The French parliament on Monday voted down a flagship immigration bill
of President Emmanuel Macron’s government, prompting his high-profile
interior minister to offer to resign over the “failure”.
Macron rejected the offer from Interior Minister Gerald Darmanin to step down, instead ordering him to find new ways to break the deadlock and push the legislation through.
In
a stunning setback for the government, the lower-house National
Assembly adopted a motion to reject the controversial immigration bill
without even debating it.
Prime Minister Elisabeth Borne was set to hold an emergency meeting involving several ministers and lawmakers on Monday evening.
After
talks at the presidential Elysee Palace, Macron rejected Darmanin’s
offer to resign and asked him “to submit proposals to move forward by
overcoming this blockage and obtaining an effective law”, said a
presidential official who asked not to be identified by name.

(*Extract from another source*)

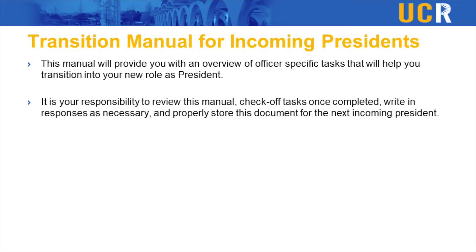So what is a transition manual? Basically this guide is a series of tasks, questions, and things you need to know and learn about. Once you fill this in, it's your job to pass it on. You're going to write down your thoughts, your answers, everything you've learned, and then the next person gets this document from you. They're going to do the same assignments and learn everything they need to know, making it easy to pass on the title of president whether you're outgoing or incoming.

Originally proposed by Macron’s centrist government with a mix of
steps to expel more undocumented people and improve migrants’
integration, the text of the bill leans firmly towards enforcement after
its passage through the Senate, which is controlled by the right.
Speaking at the National Assembly, Darmanin defended the bill, which further restricts the ability for migrants to bring family members into France, birthright citizenship and welfare benefits.
He urged lawmakers not to join forces to vote on the rejection motion put forward by the Greens.
Despite his pleas, the National Assembly backed the motion to reject the bill by 270 votes to 265.
‘Failure’
The move means the interruption of the examination of the legislation’s roughly 2,600 proposed amendments.
The bill could now be sent back to the Senate, or the government could decide to withdraw the text.
“It
is a failure, obviously,” Darmanin told TF1 television. “I want to give
the police, the gendarmes, the prefects, the magistrates the means to
fight against irregular immigration.”
He denounced what he called an “unholy alliance” of the left and far-right to vote the legislation down.
But far-right figurehead Marine Le Pen said she was “delighted” with the result, saying it had “protected the French from a migratory tidal wave”.
“It feels like the end of the road for his law and therefore for him,” hard-left leader Jean-Luc Melenchon said of Darmanin on X (formerly Twitter).
On Sunday, Macron said restricting the right of asylum would be a mistake as he spoke during a ceremony to mark the 75th anniversary of the Universal Declaration of Human Rights.
“France
retains its long tradition of providing asylum for all those whose
rights are threatened in their own country, and we will continue to
defend this right of asylum,” he said.
‘Bill of shame’
The bill aims to speed up asylum application
procedures and regularise the status of undocumented workers in sectors
with labour shortages, but also to facilitate the expulsion of
foreigners deemed dangerous.
It would introduce an annual quota
for the number of migrant arrivals to be set by parliament, and remove
all but emergency medical coverage for undocumented people.
Earlier in the day around 200 people including undocumented workers demonstrated outside the Palais Bourbon in Paris, which houses the National Assembly.
“We
have gathered to denounce this bill of shame, which calls into question
the fundamental principles of our republic,” Sophie Binet, head of the
hard-left CGT union, said at the rally.
She also denounced the
“hypocrisy” of regularisations, saying “France could not function
without undocumented workers in kitchens, cleaning and construction”.